Now the first one bothers me but most IT shops learn from their mistakes and while they didn’t have time to do it right (i.e. work with the business) the you have time to do it over. The second one baffles me, especially if the business has been involved from day one through delivery including the selection of the tools that will be used. Once IT delivers what the business wanted, they don’t use it and the continue to rely on the old way that they always got their numbers before BI was available.
If it Ain’t Broke Don’t Fix It
Many users will profess that they are fine doing things the way they have always done them, and just because the executives went out and had a BI solution developed doesn’t mean they have to use it, right? Wrong. While the BI solution may meet the needs to do your day-to-day duties, it’s the analytical power and time savings (hopefully) that will free the user to not only “do their job” but extend themselves to find ways to drive the business forward.

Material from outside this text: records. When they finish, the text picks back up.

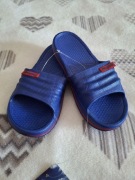 Klapki basenowe nowe, r. 32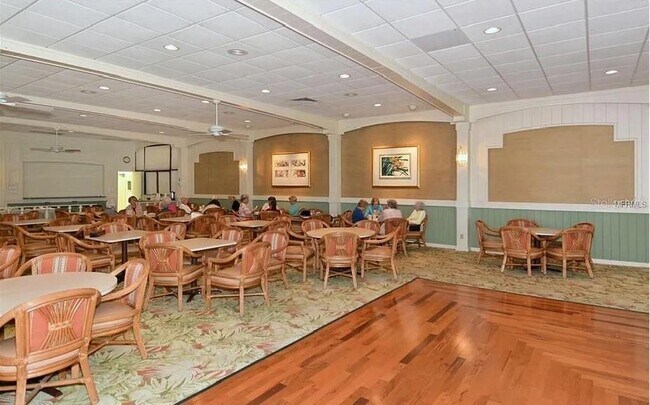 Building Photo - 4360 Chatham Dr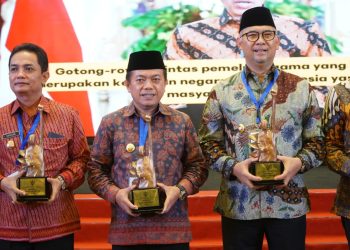 Gubernur Jambi Al Haris saat terima penghargaan (Poto Richi)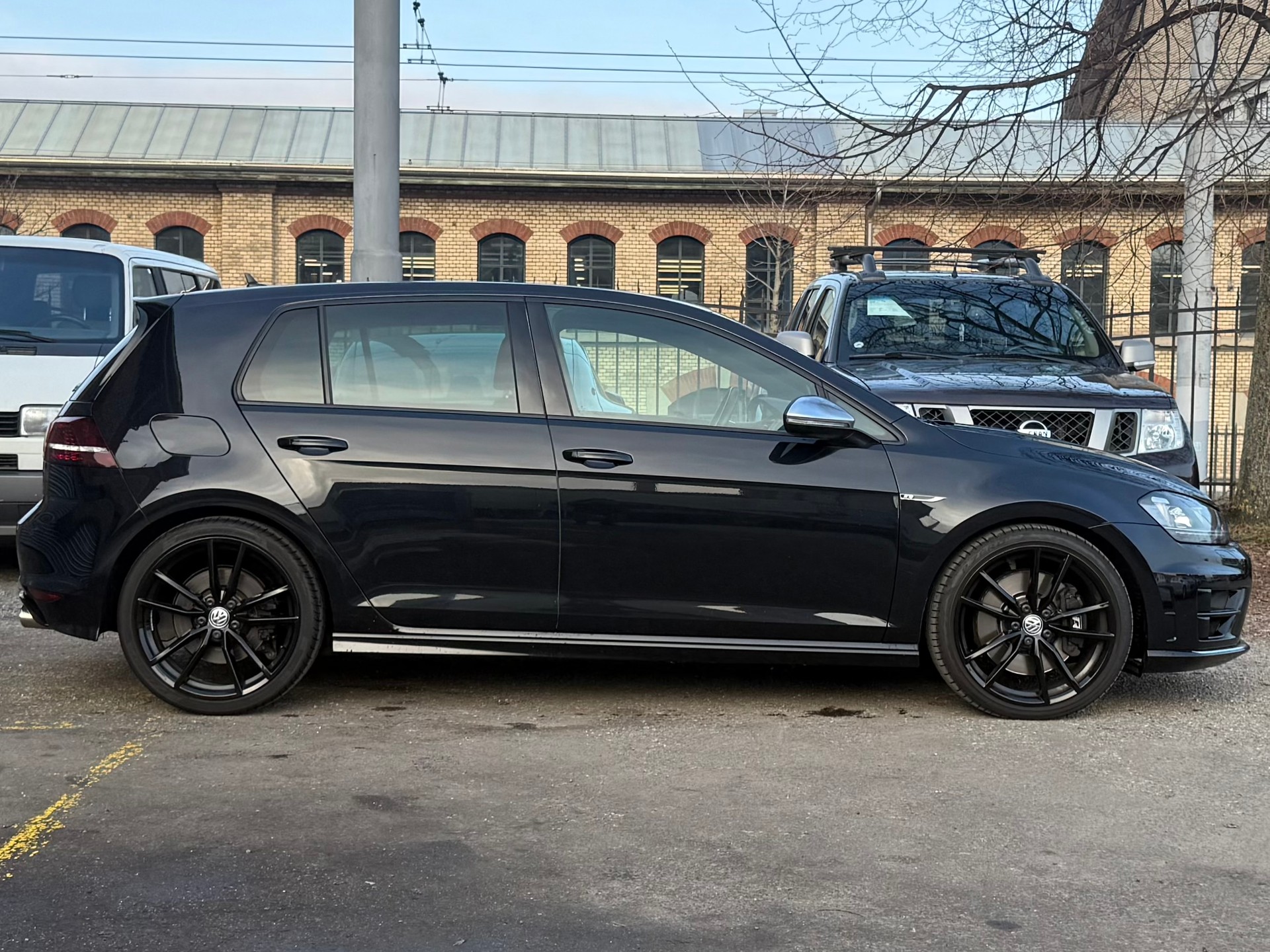 VW Golf 2.0 TSI R 4Motion DSG-image-5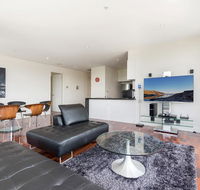 3-Bed Apartment with Parking Near Parks and Dining - Accommodation BNB
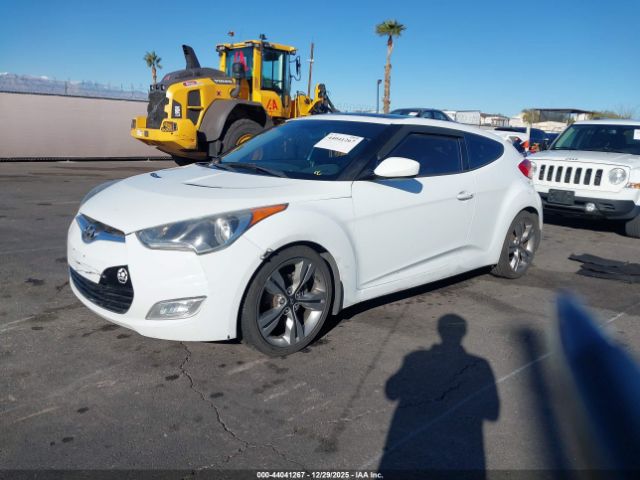 Hyundai VELOSTER Image 5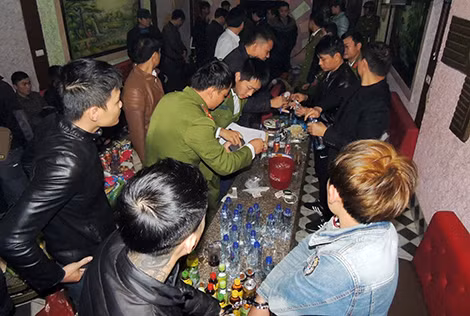 Công an tỉnh Hà Nam bắt quả tang các đối tượng đang tổ chức sử dụng trái phép chất ma túy.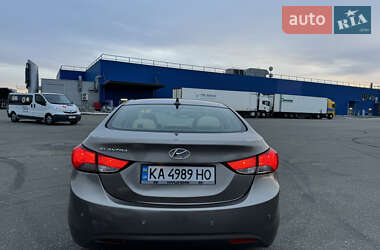 Седан Hyundai Elantra 2013 в Києві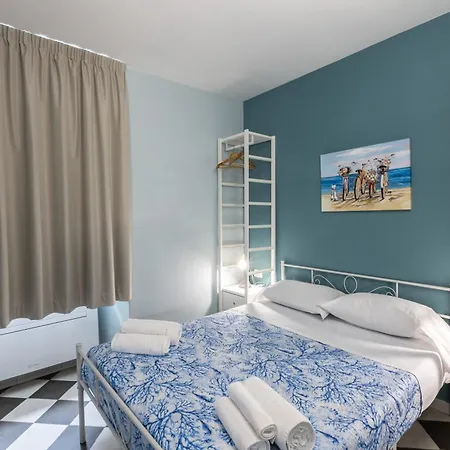 Hostel Portici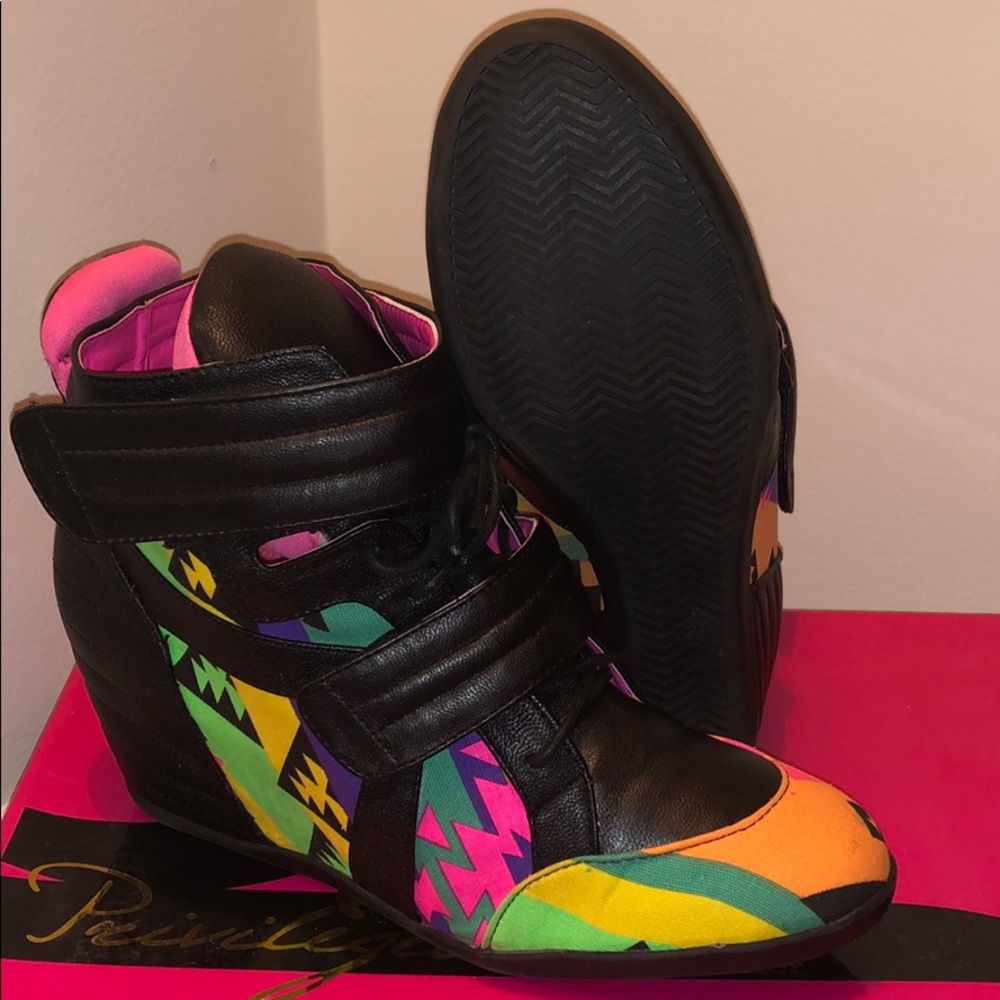 Sneaker Wedges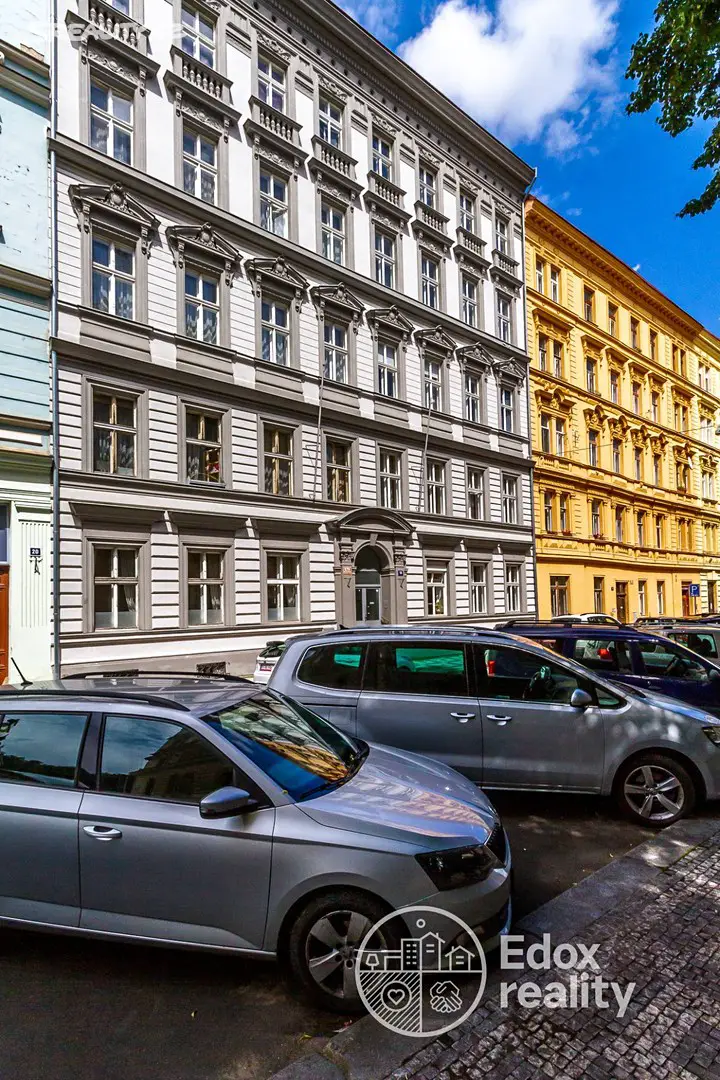 Prodej bytu 3+1 91 m², Praha 5 - Malá Strana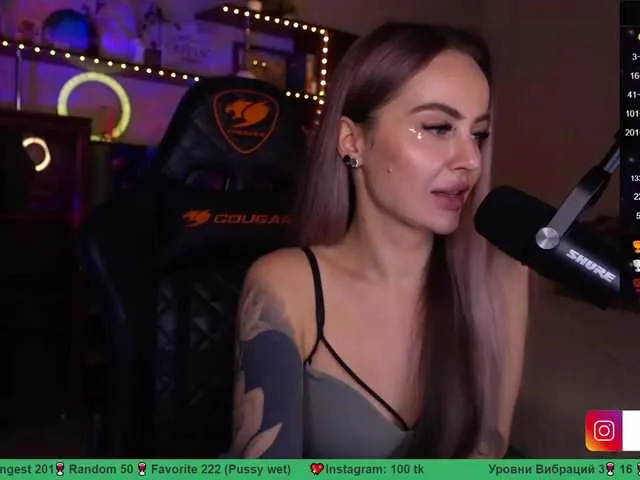 Live sex webcam photo for sexy-girl999 #276503856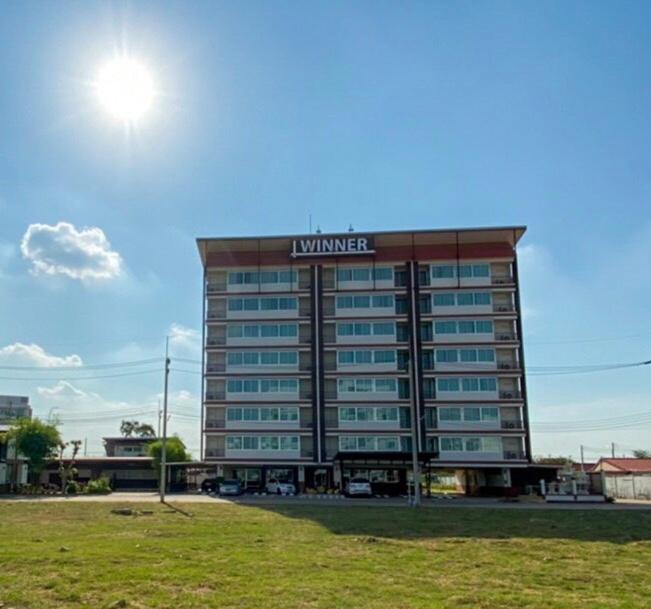 Winner Serviced Apartment Si Maha Phot Экстерьер фото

I get it, no one likes change, but the executive team has to help sell BI to their internal teams to help foster adoption of this new way of doing things. The user’s are right, it might not have been broke, and it didn’t need fixing, but there is always room for improvement.
It’s Too Hard! I Can’t Learn How to Do This!
Admittedly, some BI tools can be a challenge to master, and some have a steeper learning curve than others, but executives and IT must work together to train the users to use the tools. Before you choose a tool, did you involve the day-to-day users in the evaluation process? Did you invite them to a demonstration so see their reaction to the tool in use? If not, that may have been your first point of failure. If the user community feel like they had input on the tool selection, they may be more likely to have an open mind in learning and using the tool because it’s the one “they picked”. Involve the users early and often and adoption and usage rates will rise.
Training can also raise issues with adoption as you have to remember that everyone learns at different paces, with different educational styles. Auditory learners aren’t going to do will with a written manual and kinetic learners are going to get anything out of a lunch and learn unless there are opportunities to get their hands “dirty”. You have to have multiple avenues and styles of training available or you will miss a percentage of your audience every time.
Exposing the Truth, I Think…
The last point might not have anything to do with the BI solution itself, but more with the users and their lack of intimacy with the data. Some people know what they need to see on a report…
“Variance X is within 3% of the budget so I don’t have to worry about it this month…”
Intimate usage of the data involve searching for what might not be visible to the casual user, and because of a lack of deep understanding of the data, there may be a fear of being exposed for not knowing the ins-and-outs of the data like they are suppose to… so if they resist BI, the problem might go away.
This may be harsh, but with the amount of data being produce and reporting today, users can’t function like this anymore, and it may be time to find new analysts.
In the End, You Just Have to Push
Like I said earlier, no one LIKES change, but most people will ACCEPT change if pushed. Some companies fail to take away the “old way of doing things”, but if your BI solution is supposed to replace the old way, then shut down the old system, or at least deny access to it so that users are forced to make a change.